WHAT NEEDS TO BE DONE:
Print the data exactly as written, line for line, and leave its pictures behind.

AVAILABLE DATA:

• • • • •

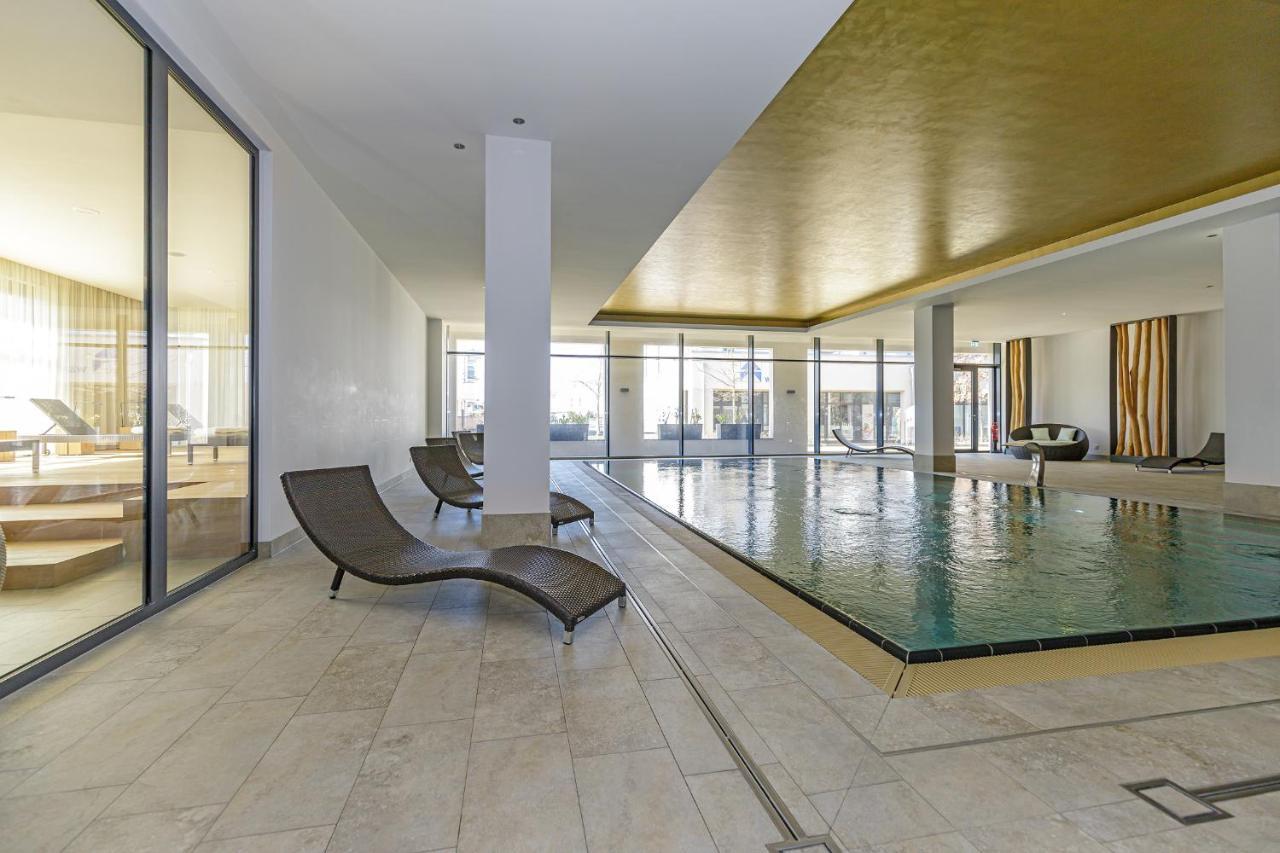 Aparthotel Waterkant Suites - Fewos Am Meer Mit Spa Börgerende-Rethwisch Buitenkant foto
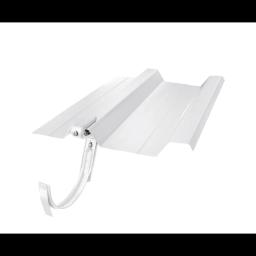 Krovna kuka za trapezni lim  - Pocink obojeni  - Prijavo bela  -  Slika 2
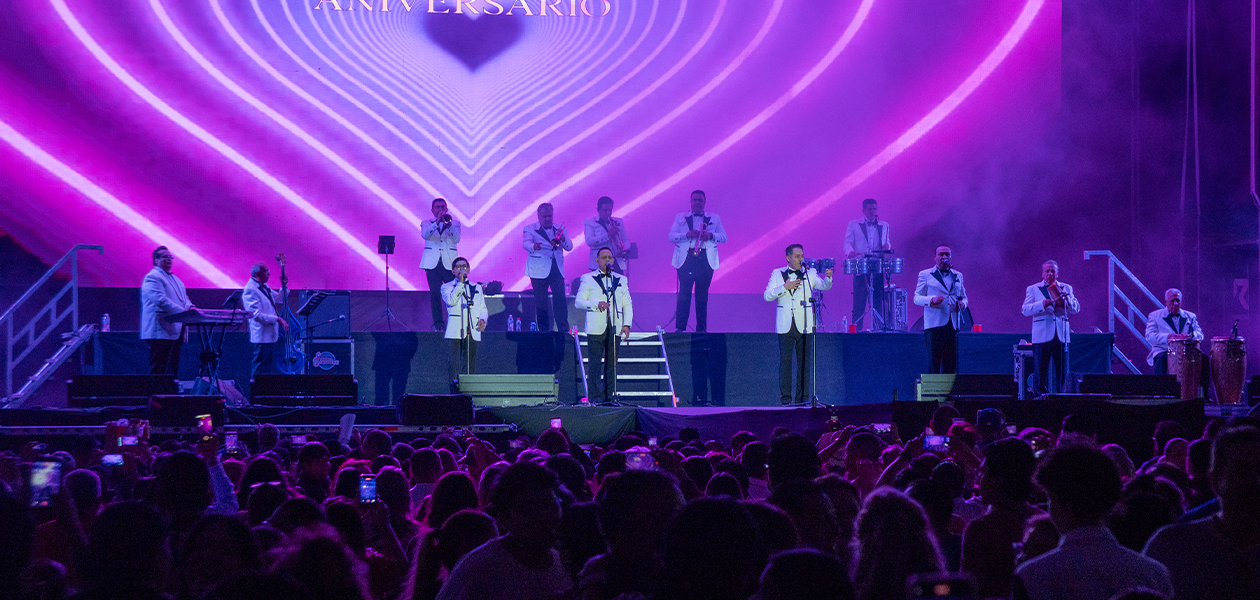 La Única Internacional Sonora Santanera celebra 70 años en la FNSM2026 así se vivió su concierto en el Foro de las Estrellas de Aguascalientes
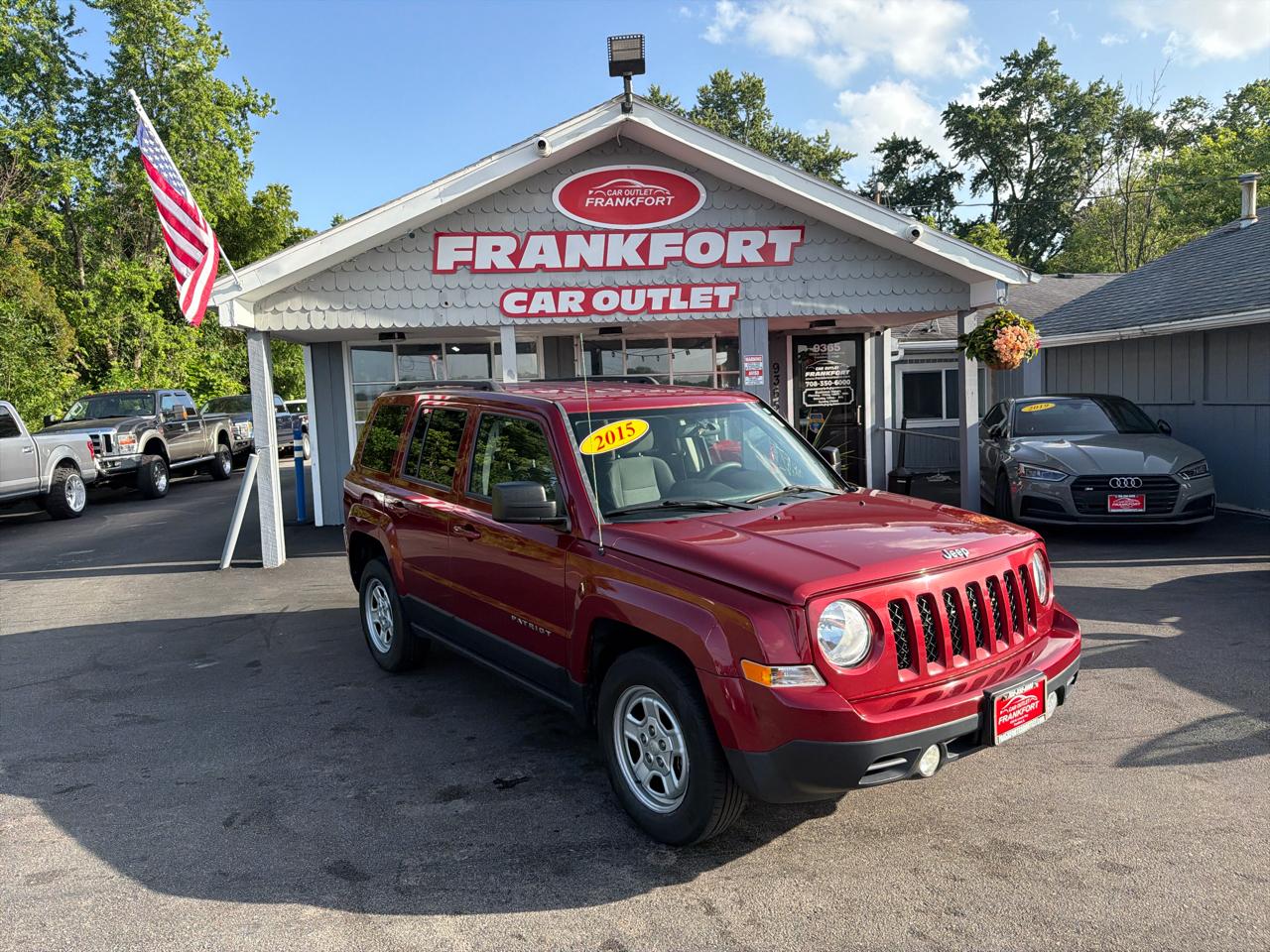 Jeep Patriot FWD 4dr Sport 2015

• • • • •

RESULT OF THIS TASK:
 Aparthotel Waterkant Suites - Fewos Am Meer Mit Spa Börgerende-Rethwisch Buitenkant foto
 Krovna kuka za trapezni lim  - Pocink obojeni  - Prijavo bela  -  Slika 2
 La Única Internacional Sonora Santanera celebra 70 años en la FNSM2026 así se vivió su concierto en el Foro de las Estrellas de Aguascalientes
 Jeep Patriot FWD 4dr Sport 2015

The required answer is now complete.